この話は、拙作『鋼鉄の夢-Iron Dream-』のリメイク作となります。

全編書下ろしでございます。

話の大筋に変更は加えておりませんが、展開に多少の差異がある場合がございます。

前作をご覧になっていない方向けに警告いたします。グロテスク・人肉食描写がございます。苦手な方はご注意ください。

ではお楽しみくださいませ。

 護身用の銃を手に握り、耳を澄ませながら椅子に座って目の前の道路を見張る。ガスマスク越しに見える風景は、いつも通り濃いスモッグで霞み五十メートル先も見えない。そして工場が稼働している最中なためか、それとも今付けているフィルターが粗悪品なのか。ガスマスク越しの空気は非常に臭く、まるで火事場の煙の中を歩くように息苦しい。工場の近くだろうと遠かろうとずっとこんな空気なので既に慣れ、咳き込むようなことはないが、それでも臭いものは臭い。

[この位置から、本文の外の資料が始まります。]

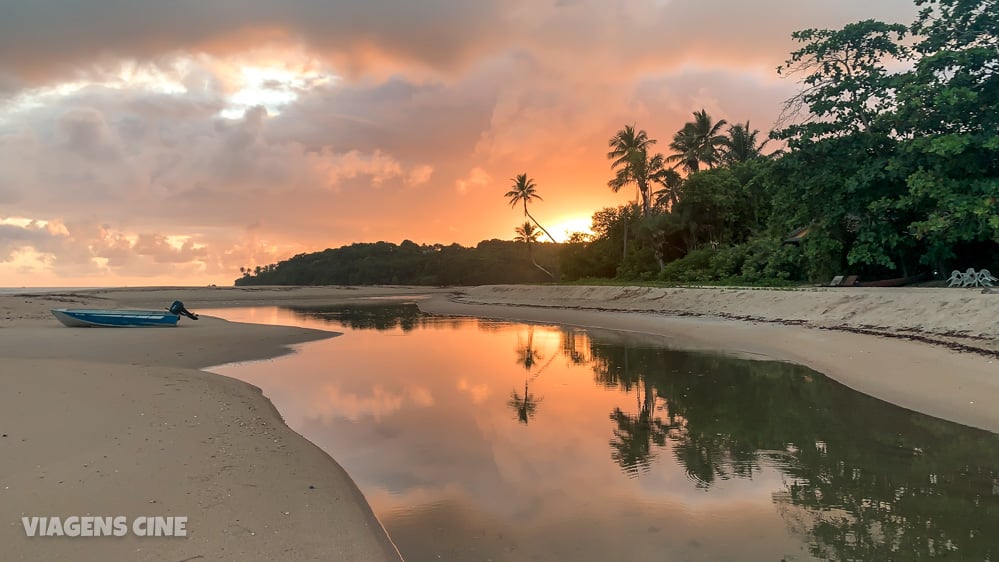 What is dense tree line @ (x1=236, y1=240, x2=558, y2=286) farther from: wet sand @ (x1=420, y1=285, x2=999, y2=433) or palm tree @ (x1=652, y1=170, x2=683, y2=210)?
wet sand @ (x1=420, y1=285, x2=999, y2=433)

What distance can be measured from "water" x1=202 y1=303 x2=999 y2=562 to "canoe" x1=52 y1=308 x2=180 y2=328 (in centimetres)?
1408

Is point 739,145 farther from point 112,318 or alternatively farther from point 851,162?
point 112,318

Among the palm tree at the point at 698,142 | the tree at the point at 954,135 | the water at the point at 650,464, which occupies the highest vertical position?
the palm tree at the point at 698,142

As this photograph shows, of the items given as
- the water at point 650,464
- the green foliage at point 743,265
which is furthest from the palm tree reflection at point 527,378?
the green foliage at point 743,265

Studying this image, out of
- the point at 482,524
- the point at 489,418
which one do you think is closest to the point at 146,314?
the point at 489,418

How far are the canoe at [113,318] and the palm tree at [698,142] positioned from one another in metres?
52.4

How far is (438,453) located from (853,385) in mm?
10655

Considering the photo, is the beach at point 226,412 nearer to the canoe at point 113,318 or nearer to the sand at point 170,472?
the sand at point 170,472

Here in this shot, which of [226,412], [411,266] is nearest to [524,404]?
[226,412]

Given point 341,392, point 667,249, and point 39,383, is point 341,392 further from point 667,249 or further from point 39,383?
point 667,249

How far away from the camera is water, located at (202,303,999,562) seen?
18.1 feet

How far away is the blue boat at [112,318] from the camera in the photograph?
24.9 meters

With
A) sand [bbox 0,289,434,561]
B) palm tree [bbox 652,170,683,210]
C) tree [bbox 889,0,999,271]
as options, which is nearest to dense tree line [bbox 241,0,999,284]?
tree [bbox 889,0,999,271]

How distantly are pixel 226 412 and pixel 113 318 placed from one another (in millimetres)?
20703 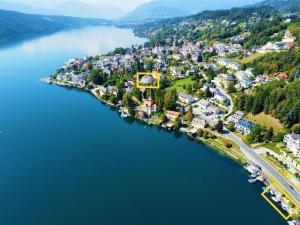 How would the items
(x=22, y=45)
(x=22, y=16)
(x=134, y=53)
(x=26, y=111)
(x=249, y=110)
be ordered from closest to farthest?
(x=249, y=110) → (x=26, y=111) → (x=134, y=53) → (x=22, y=45) → (x=22, y=16)

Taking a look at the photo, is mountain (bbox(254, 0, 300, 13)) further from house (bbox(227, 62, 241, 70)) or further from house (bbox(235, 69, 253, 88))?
house (bbox(235, 69, 253, 88))

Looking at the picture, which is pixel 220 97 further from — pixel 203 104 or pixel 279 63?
pixel 279 63

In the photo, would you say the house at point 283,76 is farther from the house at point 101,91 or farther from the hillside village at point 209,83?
the house at point 101,91

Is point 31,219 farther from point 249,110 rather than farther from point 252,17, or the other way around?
point 252,17

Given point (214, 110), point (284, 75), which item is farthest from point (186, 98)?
point (284, 75)

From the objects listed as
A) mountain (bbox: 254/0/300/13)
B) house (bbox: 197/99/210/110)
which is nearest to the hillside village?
house (bbox: 197/99/210/110)

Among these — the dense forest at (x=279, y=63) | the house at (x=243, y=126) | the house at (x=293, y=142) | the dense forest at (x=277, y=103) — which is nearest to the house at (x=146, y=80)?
the dense forest at (x=277, y=103)

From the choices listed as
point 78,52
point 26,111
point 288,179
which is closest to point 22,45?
point 78,52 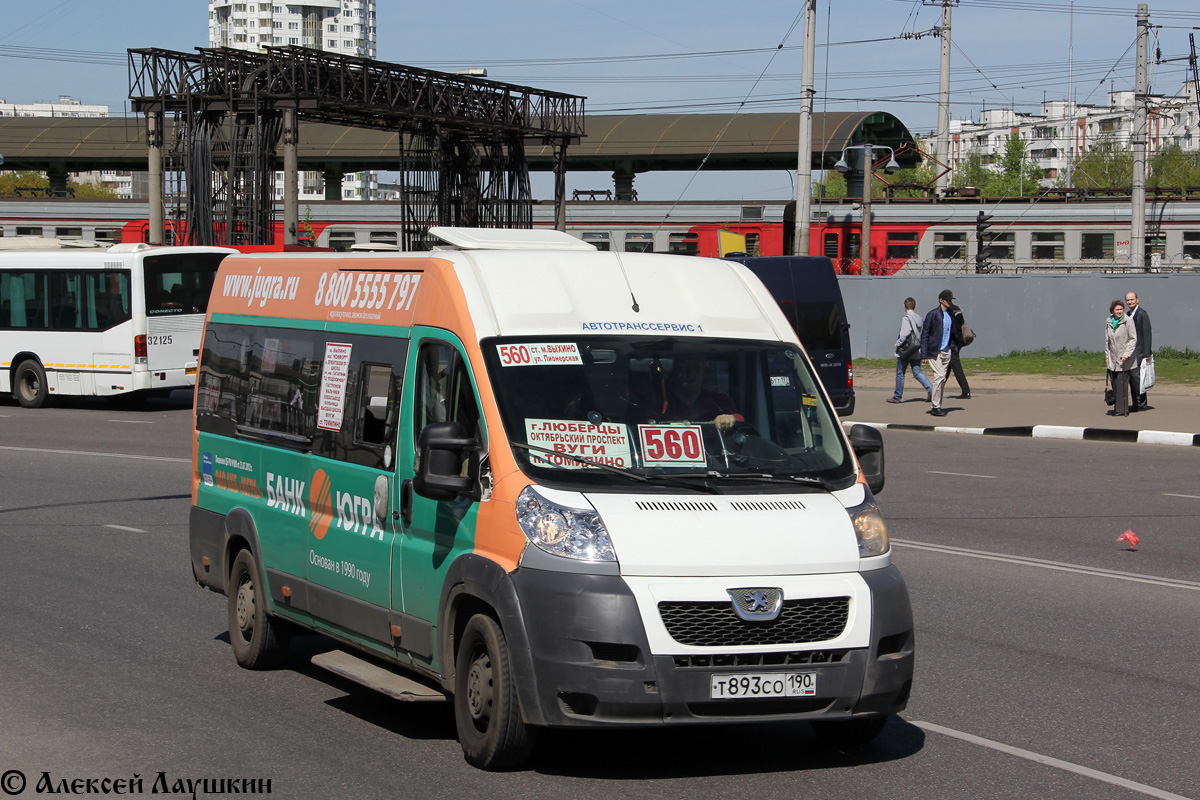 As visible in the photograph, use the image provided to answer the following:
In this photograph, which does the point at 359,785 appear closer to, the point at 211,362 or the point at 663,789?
the point at 663,789

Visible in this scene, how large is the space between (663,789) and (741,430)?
1578mm

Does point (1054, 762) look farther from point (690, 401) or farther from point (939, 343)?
point (939, 343)

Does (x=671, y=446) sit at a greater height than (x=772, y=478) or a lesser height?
greater

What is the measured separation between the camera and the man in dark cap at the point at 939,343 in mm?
21652

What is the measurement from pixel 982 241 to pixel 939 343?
20.1m

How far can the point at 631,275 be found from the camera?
20.4 ft

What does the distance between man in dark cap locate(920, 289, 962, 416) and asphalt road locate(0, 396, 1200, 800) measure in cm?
924

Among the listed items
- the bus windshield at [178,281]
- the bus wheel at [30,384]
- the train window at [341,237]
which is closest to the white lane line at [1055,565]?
the bus windshield at [178,281]

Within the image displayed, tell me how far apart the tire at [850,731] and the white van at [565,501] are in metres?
0.02

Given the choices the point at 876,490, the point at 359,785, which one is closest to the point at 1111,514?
the point at 876,490

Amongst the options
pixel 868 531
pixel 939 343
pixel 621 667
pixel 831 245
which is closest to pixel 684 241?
pixel 831 245

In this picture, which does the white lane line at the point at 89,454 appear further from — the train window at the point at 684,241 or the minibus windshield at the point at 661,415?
the train window at the point at 684,241

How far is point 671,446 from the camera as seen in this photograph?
5.64 metres

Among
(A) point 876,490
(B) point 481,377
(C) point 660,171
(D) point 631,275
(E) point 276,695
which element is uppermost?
(C) point 660,171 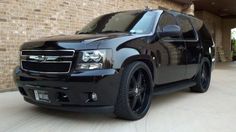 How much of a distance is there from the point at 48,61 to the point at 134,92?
129 centimetres

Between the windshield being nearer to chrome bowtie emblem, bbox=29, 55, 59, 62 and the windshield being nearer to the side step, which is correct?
the side step

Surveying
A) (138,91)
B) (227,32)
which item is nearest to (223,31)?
(227,32)

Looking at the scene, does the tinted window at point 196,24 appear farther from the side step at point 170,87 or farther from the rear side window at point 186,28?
the side step at point 170,87

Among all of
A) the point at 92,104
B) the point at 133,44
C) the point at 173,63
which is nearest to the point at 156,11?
the point at 173,63

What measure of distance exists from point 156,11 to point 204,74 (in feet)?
8.48

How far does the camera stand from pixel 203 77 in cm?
784

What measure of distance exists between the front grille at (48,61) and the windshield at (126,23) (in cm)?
130

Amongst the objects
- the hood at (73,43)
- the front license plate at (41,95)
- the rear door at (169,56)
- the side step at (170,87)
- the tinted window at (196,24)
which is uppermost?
the tinted window at (196,24)

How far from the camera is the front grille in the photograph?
14.6 ft

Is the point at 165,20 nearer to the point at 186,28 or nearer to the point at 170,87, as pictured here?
the point at 186,28

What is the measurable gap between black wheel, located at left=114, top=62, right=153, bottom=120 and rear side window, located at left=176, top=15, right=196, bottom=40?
1878 mm

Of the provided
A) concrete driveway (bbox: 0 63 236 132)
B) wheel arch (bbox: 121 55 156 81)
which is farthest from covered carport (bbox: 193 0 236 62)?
wheel arch (bbox: 121 55 156 81)

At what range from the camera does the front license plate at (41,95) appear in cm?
462

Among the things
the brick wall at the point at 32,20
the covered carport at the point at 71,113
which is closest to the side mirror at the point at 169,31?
the covered carport at the point at 71,113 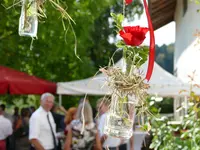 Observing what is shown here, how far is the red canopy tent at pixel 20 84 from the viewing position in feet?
33.3

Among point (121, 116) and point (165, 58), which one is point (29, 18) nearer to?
point (121, 116)

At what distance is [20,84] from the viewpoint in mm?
10688

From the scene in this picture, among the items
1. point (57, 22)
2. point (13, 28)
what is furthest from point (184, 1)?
point (13, 28)

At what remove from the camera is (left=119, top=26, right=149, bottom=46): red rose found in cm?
283

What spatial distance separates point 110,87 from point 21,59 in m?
13.8

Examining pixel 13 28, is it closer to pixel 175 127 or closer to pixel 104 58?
pixel 175 127

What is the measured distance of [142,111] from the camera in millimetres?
2889

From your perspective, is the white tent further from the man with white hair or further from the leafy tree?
the man with white hair

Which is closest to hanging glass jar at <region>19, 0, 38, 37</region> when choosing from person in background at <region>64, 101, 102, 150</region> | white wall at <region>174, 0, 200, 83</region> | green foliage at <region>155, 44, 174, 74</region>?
person in background at <region>64, 101, 102, 150</region>

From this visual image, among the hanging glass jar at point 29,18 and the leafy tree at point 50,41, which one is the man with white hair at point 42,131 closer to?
the hanging glass jar at point 29,18

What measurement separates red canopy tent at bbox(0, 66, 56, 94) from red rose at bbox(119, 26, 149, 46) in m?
7.44

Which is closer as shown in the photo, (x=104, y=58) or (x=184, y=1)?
(x=184, y=1)

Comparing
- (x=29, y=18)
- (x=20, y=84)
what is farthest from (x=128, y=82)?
(x=20, y=84)

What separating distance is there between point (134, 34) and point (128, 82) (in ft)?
0.88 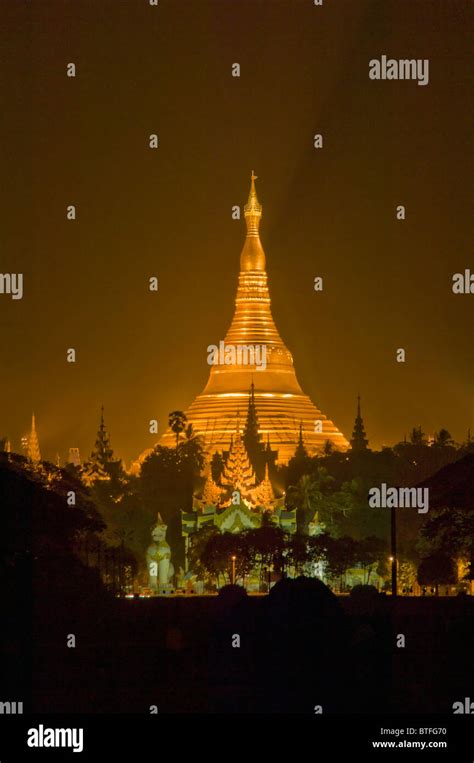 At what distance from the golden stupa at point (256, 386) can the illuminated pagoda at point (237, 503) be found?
1627cm

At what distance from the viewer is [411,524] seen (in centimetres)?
13525

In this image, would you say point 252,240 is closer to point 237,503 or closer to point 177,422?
point 177,422

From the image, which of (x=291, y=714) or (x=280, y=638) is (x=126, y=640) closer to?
(x=280, y=638)

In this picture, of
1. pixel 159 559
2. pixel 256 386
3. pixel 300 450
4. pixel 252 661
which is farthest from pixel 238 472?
pixel 252 661

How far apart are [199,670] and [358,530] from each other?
72679 millimetres

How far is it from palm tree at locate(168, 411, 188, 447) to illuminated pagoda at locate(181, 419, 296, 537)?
11.6m

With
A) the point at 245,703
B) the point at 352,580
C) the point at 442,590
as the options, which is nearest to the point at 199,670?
the point at 245,703

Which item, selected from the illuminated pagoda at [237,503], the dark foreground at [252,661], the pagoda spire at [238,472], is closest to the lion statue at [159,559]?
the illuminated pagoda at [237,503]

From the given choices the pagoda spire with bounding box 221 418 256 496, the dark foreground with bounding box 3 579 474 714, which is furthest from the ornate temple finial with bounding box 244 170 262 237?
the dark foreground with bounding box 3 579 474 714

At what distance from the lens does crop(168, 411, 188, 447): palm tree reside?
593 ft

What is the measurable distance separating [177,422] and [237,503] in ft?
115

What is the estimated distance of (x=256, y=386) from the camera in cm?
19012

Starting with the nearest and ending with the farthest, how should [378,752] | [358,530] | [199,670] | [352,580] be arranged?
1. [378,752]
2. [199,670]
3. [352,580]
4. [358,530]

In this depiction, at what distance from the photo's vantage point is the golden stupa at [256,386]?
186 meters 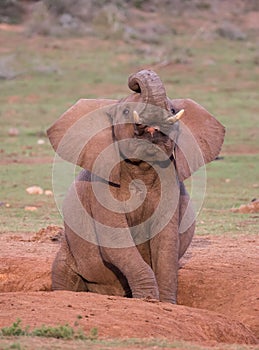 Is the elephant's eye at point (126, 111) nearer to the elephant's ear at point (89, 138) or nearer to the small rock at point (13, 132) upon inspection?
the elephant's ear at point (89, 138)

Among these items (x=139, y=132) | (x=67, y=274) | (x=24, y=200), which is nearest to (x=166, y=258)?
(x=139, y=132)

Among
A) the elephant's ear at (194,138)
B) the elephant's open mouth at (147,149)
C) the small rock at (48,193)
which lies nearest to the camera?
the elephant's open mouth at (147,149)

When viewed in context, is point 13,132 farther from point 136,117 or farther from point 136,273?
point 136,117

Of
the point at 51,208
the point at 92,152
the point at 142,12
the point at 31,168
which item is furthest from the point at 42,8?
the point at 92,152

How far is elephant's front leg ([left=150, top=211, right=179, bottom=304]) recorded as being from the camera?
6.03m

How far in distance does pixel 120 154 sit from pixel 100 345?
175cm

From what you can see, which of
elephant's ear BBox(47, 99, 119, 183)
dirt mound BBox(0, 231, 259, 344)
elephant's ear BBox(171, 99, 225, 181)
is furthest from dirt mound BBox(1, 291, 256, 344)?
elephant's ear BBox(171, 99, 225, 181)

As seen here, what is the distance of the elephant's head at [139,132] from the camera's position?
18.2 ft

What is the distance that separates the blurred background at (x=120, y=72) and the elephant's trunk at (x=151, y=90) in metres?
3.91

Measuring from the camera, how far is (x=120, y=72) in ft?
72.2

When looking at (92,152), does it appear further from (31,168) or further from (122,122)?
(31,168)

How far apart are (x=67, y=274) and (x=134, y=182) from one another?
105cm

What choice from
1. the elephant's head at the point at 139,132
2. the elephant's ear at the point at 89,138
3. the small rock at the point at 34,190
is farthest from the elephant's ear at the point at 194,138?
the small rock at the point at 34,190

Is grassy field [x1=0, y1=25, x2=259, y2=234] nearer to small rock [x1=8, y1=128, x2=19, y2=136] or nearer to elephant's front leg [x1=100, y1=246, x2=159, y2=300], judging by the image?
small rock [x1=8, y1=128, x2=19, y2=136] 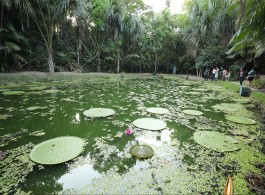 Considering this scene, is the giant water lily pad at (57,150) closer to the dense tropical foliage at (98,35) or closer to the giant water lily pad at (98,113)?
the giant water lily pad at (98,113)

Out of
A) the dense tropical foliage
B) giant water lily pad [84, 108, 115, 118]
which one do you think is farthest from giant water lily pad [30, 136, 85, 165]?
the dense tropical foliage

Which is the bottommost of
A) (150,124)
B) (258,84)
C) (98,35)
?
(150,124)

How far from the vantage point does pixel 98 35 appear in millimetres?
13945

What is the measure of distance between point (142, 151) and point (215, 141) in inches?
48.3

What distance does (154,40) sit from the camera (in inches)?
714

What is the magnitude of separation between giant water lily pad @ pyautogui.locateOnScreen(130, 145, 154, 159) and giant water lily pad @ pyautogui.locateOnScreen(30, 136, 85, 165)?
725 millimetres

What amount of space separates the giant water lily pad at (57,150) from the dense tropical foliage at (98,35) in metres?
8.17

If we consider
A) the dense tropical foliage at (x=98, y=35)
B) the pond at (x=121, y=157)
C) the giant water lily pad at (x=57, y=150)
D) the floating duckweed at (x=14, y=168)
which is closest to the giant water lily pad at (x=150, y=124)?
the pond at (x=121, y=157)

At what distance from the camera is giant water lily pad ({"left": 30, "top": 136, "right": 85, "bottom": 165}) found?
1.96 meters

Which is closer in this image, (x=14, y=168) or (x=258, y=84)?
(x=14, y=168)

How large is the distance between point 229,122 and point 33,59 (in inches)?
443

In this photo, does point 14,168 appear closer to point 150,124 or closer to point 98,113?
point 98,113

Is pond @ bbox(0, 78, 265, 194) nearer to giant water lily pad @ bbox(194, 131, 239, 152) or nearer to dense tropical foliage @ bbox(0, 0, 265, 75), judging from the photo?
giant water lily pad @ bbox(194, 131, 239, 152)

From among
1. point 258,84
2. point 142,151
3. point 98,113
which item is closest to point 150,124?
point 142,151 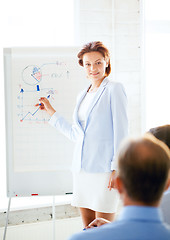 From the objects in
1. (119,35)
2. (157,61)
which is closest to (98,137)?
(119,35)

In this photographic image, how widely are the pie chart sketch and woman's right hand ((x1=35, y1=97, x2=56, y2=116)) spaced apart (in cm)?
13

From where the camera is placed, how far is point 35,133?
221 cm

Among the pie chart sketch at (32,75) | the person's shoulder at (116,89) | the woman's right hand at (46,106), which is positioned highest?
the pie chart sketch at (32,75)

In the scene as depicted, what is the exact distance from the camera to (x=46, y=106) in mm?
2195

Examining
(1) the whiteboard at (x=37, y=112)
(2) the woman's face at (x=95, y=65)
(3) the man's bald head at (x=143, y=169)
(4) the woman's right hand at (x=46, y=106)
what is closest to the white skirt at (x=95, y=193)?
(1) the whiteboard at (x=37, y=112)

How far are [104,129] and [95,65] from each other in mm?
431

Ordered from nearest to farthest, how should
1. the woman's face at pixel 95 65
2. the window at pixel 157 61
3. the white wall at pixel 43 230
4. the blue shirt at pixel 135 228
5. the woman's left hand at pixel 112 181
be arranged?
the blue shirt at pixel 135 228 → the woman's left hand at pixel 112 181 → the woman's face at pixel 95 65 → the white wall at pixel 43 230 → the window at pixel 157 61

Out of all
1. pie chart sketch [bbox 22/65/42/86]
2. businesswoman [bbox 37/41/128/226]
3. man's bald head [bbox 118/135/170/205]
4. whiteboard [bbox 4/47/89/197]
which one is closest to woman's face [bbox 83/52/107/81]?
businesswoman [bbox 37/41/128/226]

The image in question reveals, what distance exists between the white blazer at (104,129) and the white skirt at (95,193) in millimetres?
47

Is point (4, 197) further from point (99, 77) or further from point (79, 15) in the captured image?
point (79, 15)

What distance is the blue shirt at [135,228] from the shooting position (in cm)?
73

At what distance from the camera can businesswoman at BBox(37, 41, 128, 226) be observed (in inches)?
77.1

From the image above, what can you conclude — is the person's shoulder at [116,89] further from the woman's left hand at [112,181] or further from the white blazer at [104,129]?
the woman's left hand at [112,181]

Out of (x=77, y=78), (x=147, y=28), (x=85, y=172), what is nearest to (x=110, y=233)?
(x=85, y=172) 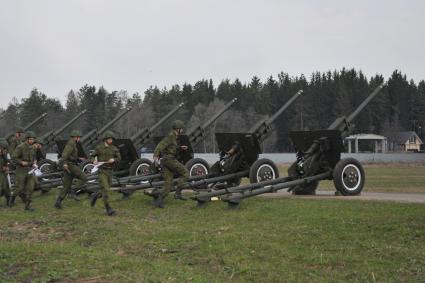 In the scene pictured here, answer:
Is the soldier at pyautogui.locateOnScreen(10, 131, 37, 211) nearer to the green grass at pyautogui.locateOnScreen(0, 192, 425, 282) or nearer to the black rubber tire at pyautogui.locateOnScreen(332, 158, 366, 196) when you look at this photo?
the green grass at pyautogui.locateOnScreen(0, 192, 425, 282)

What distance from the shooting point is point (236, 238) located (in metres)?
9.26

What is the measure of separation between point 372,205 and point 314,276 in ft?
15.7

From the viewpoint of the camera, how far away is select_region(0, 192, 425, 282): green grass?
7281mm

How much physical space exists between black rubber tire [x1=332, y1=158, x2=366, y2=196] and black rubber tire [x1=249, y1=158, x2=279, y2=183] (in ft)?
6.98

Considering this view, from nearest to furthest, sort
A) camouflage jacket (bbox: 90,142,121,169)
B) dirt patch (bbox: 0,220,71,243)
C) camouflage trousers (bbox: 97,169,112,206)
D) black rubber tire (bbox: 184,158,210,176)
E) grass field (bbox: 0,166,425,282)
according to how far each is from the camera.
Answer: grass field (bbox: 0,166,425,282) < dirt patch (bbox: 0,220,71,243) < camouflage trousers (bbox: 97,169,112,206) < camouflage jacket (bbox: 90,142,121,169) < black rubber tire (bbox: 184,158,210,176)

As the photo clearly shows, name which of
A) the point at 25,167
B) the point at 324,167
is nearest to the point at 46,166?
the point at 25,167

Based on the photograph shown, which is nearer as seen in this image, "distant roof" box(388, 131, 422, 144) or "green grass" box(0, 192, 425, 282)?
"green grass" box(0, 192, 425, 282)

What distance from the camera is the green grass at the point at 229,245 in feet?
23.9

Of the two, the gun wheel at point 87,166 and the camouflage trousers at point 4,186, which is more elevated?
the gun wheel at point 87,166

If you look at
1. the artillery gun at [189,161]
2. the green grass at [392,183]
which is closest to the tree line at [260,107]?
the green grass at [392,183]

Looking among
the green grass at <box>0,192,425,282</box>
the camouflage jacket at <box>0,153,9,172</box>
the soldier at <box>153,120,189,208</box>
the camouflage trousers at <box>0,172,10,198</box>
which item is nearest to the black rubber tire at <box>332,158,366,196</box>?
the green grass at <box>0,192,425,282</box>

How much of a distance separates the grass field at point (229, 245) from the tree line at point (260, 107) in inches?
2267

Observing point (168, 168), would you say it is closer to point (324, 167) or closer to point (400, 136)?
point (324, 167)

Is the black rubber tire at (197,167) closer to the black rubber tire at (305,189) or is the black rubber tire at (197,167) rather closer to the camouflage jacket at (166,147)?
the black rubber tire at (305,189)
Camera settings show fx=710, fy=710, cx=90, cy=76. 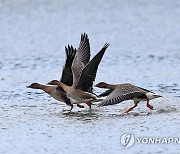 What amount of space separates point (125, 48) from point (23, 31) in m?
5.77

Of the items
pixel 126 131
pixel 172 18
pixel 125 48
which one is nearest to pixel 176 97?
pixel 126 131

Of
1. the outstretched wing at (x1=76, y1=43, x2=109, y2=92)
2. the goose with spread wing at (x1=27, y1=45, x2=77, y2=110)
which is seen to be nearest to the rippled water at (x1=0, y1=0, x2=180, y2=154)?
the goose with spread wing at (x1=27, y1=45, x2=77, y2=110)

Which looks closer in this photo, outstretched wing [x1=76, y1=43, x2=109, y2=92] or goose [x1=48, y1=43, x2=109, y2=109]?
outstretched wing [x1=76, y1=43, x2=109, y2=92]

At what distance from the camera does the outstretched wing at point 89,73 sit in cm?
1342

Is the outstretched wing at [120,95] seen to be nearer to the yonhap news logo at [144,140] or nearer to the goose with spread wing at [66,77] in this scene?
the goose with spread wing at [66,77]

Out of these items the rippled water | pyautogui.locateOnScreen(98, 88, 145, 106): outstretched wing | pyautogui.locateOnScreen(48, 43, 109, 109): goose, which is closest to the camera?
the rippled water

 もしそんな汚染された空気の中で今つけているマスクを外してしまえば、普通の人間はたちまちに呼吸ができず水の中で溺れるように、この汚れた空気の中で窒息死してしまうだろう。

 しかし、それよりも。


「腹減ったな」


 支配階級の馬鹿がミュータントの親子を襲い、その子供が逃げ、この地区の封鎖命令が出てからもうどの位経つのだろう。ついさっきアースに乗った羽の連中がこの道路を通って行ったから、それほど時間は経っていないと思うが。しかしずっと同じ姿勢で、ずっと変化のない風景を眺めていると、時間が長く感じられて仕方がない。そのくせ空腹感が立派に主張を始めたので、交代の時間はまだかと思い袖の上から腕に巻いている時計を見る。


 が、ただ座っていただけなのに大量の粉塵が表面に付着して時計の盤面は見えない。これだから工場周りの警備は嫌なんだと愚痴を言いながら、ガラスの表面を厚いグローブで擦って時間を確認する。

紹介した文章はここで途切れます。